Die Konsequenzen aus dieser gelungenen Fahrdynamik-Melange fasst man am besten als vertrauensbildende Maßnahme zusammen. Egal, wie ausgeprägt die Richtungsänderung auch ist, das Heck lenkt dank Sperrdifferenzial und aktivem Torque-Vectoring willig ein, bleibt dann lange stoisch ruhig und kündigt mit einem ganz leichten Tänzeln das Herannahen des Grenzbereiches an. Wie ein perfekt austariertes Küchenmesser liegt die Giulia so ruhig in der Hand des Piloten, dass man bald den Fahrerlebnis-Schalter von "Dynamic" auf "Race" stellt. Da ist alles noch eine Spur schärfer und das ESP greift nur im äußersten Notfall ein. Doch die Giulia stellt den Fahrer auch dann nicht vor unlösbare Probleme. Per Knopfdruck straffen sich die Dämpfer, ohne knochig unkomfortabel zu werden. "Das ist auch ein Resultat der hohen Torsionssteifigkeit dieser Plattform", betont Harald Wester.

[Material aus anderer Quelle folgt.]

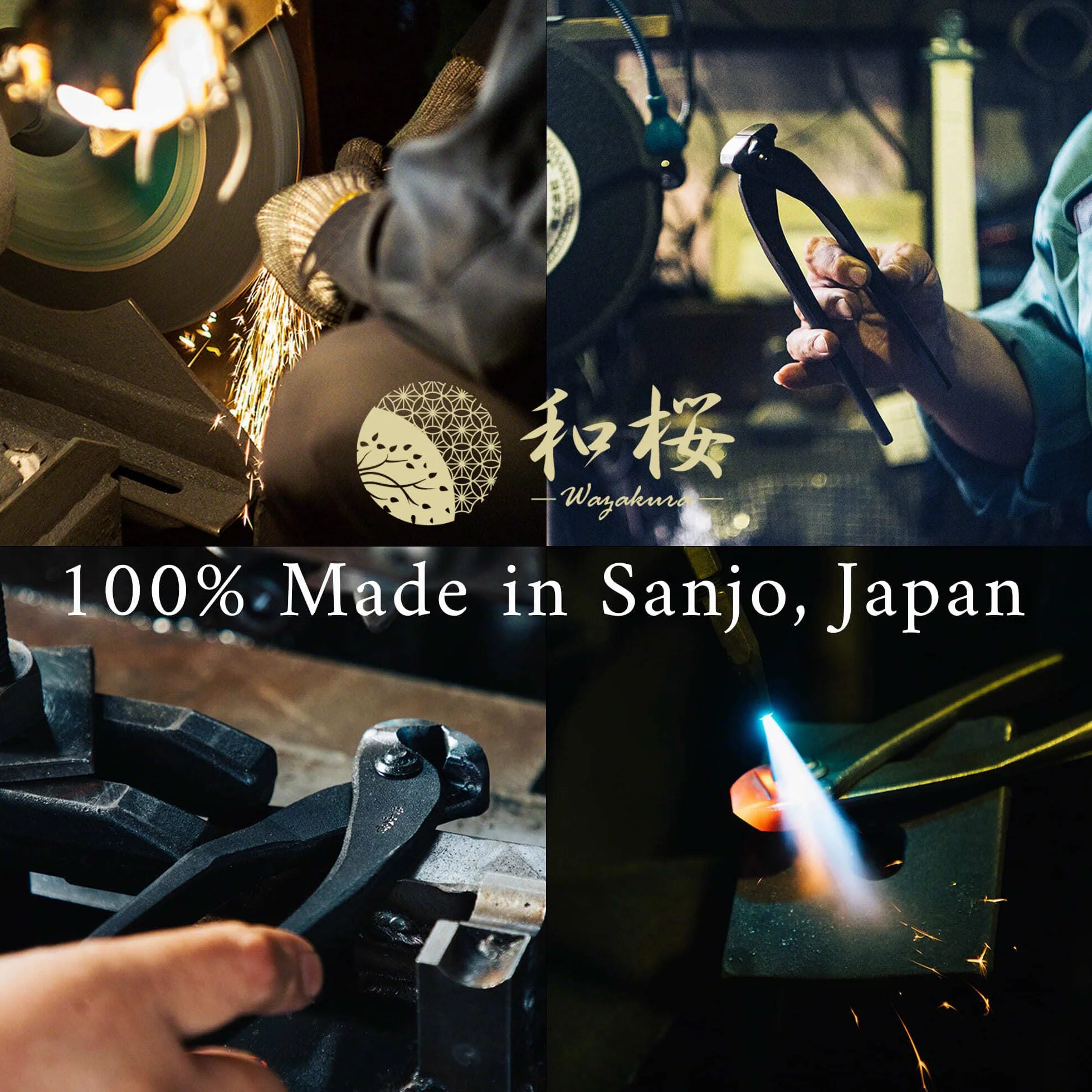 Wazakura Fendeur Séparateur de Tronc et Branche de Bonsaï 210mm - Outil en Acier Carbon Forgé à la Main au Japon Noir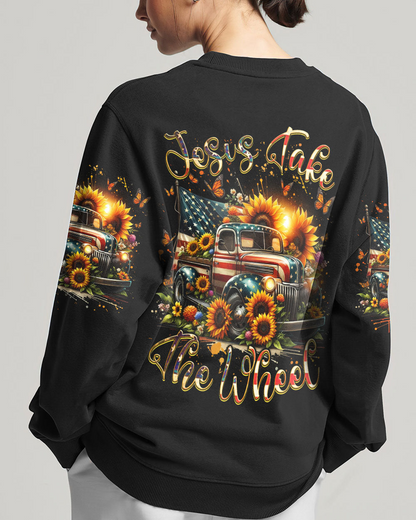 Jesus Take The Wheel Sweatshirt 15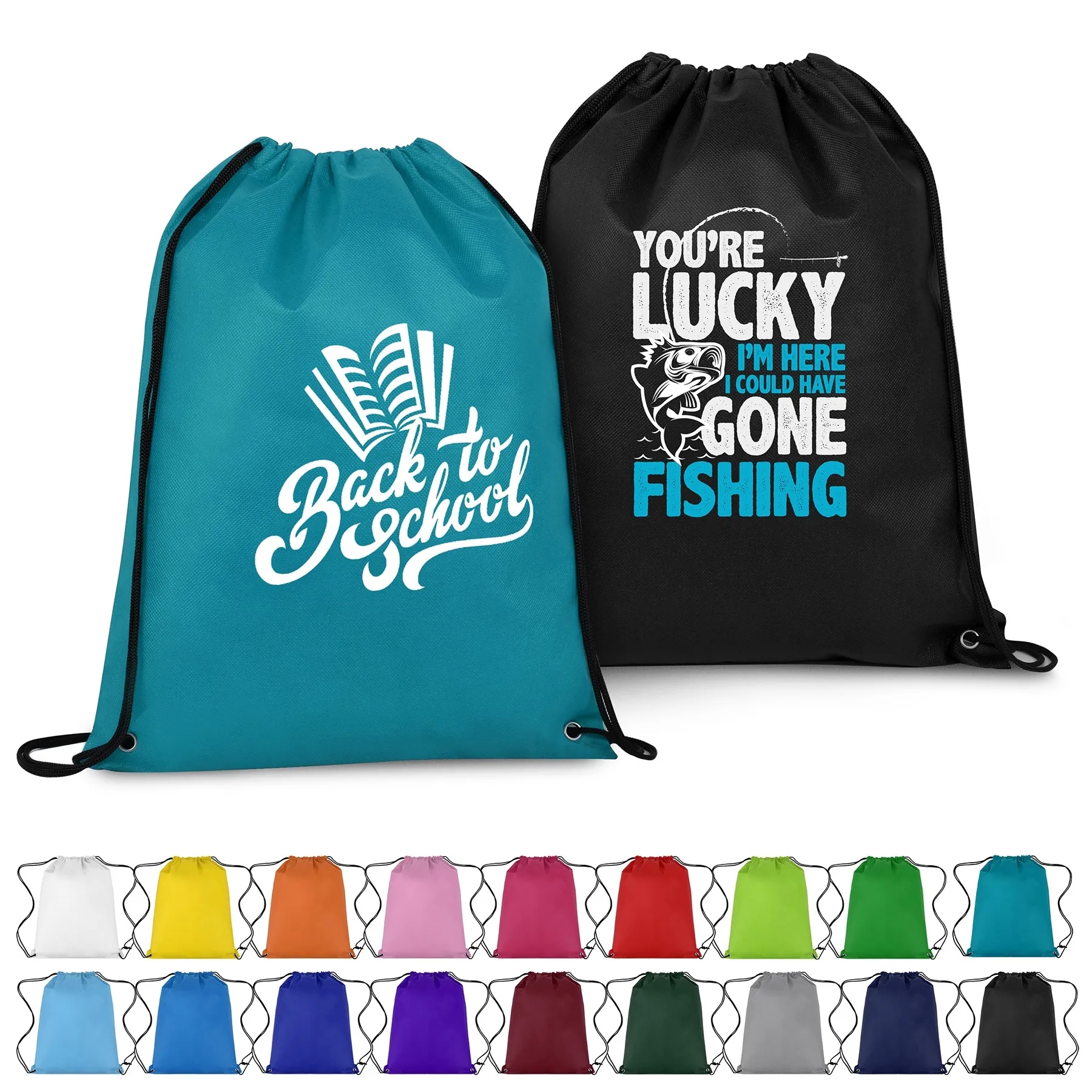 Non-Woven Drawstring Cinch Backpack 9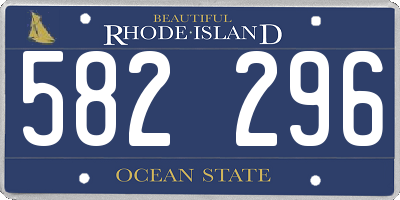 RI license plate 582296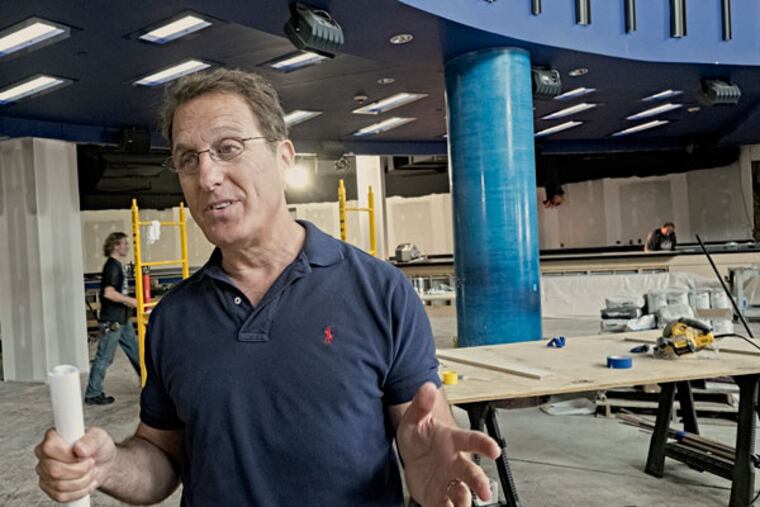 Bart Blatstein at his latest acquisition, Pier Shops at Caesars on the Atlantic City Boardwalk. (ED HILLE/ staff photographer)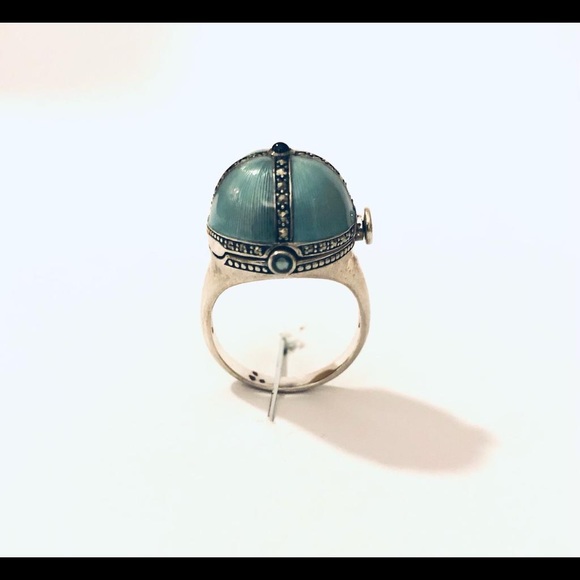 Ely’s Fate Onyx and marcassite ring - Picture 4 of 5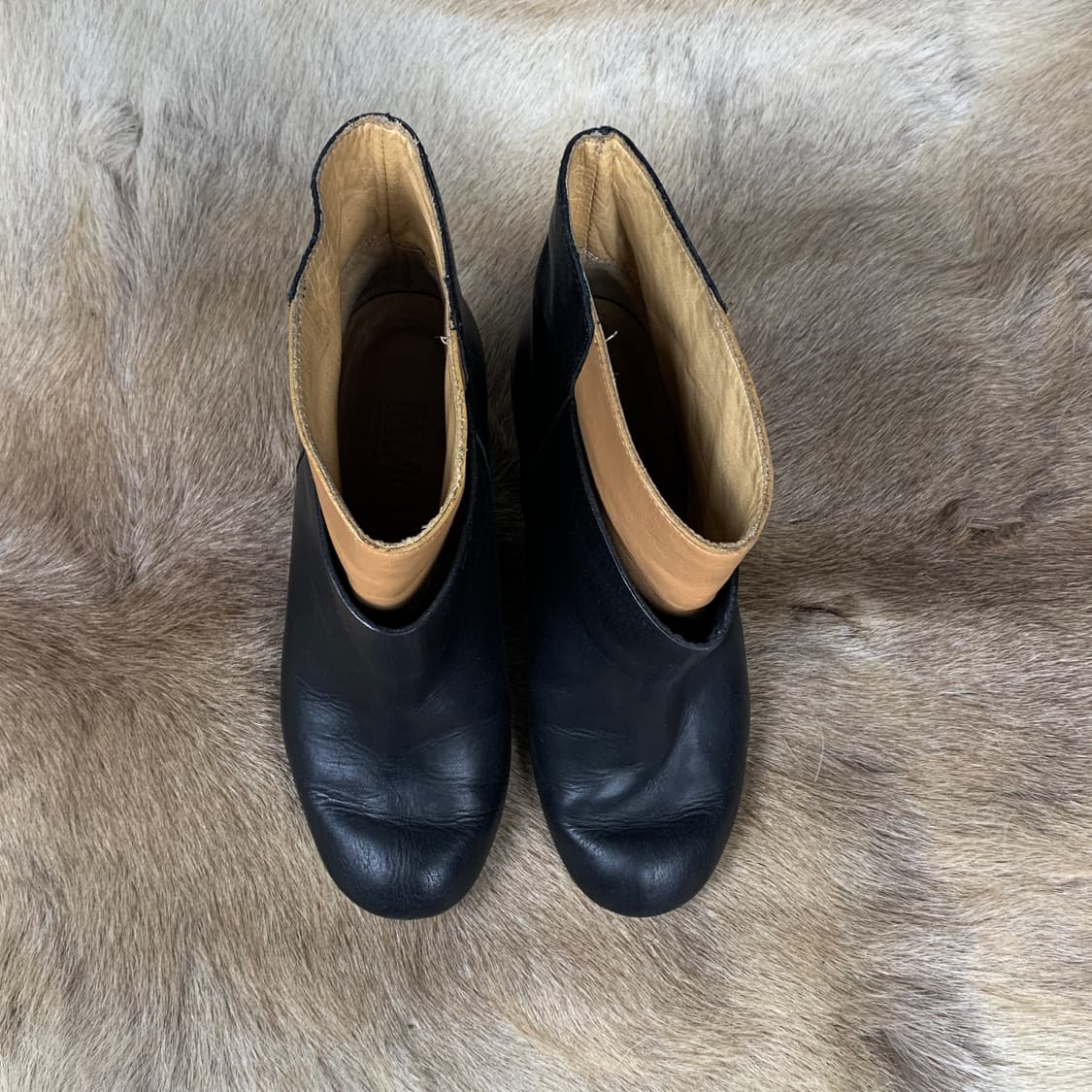 MM6 메종 마르지엘라 컬러 블록 부츠 상품이미지2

Am 17. Juni steht die Alfa Romeo Giulia beim Händler. Den Anfang macht die Quadrifoglio-Version gemeinsam mit drei Dieselmodellen: 100 kW / 136 PS (erscheint nur in Deutschland und Frankreich), 110 kW / 150 PS und 132 kW / 180 PS. Im Laufe des Jahres folgt dann ein Zweiliter-Vierzylinder-Benziner mit 200 PS, ehe gegen Ende des Jahres stärkere Allrad-Versionen die Modellpalette komplettieren. Wenn der Varianten-Köcher prall gefüllt ist, will Alfa 4.000 Giulias pro Jahr in Deutschland verkaufen. Davon soll jedes zehnte Modell ein Quadrifoglio sein. Übrigens: Mit einem Grundpreis von 71.800 Euro unterbietet der Italiener den Münchner M3-Athleten um 800 Euro.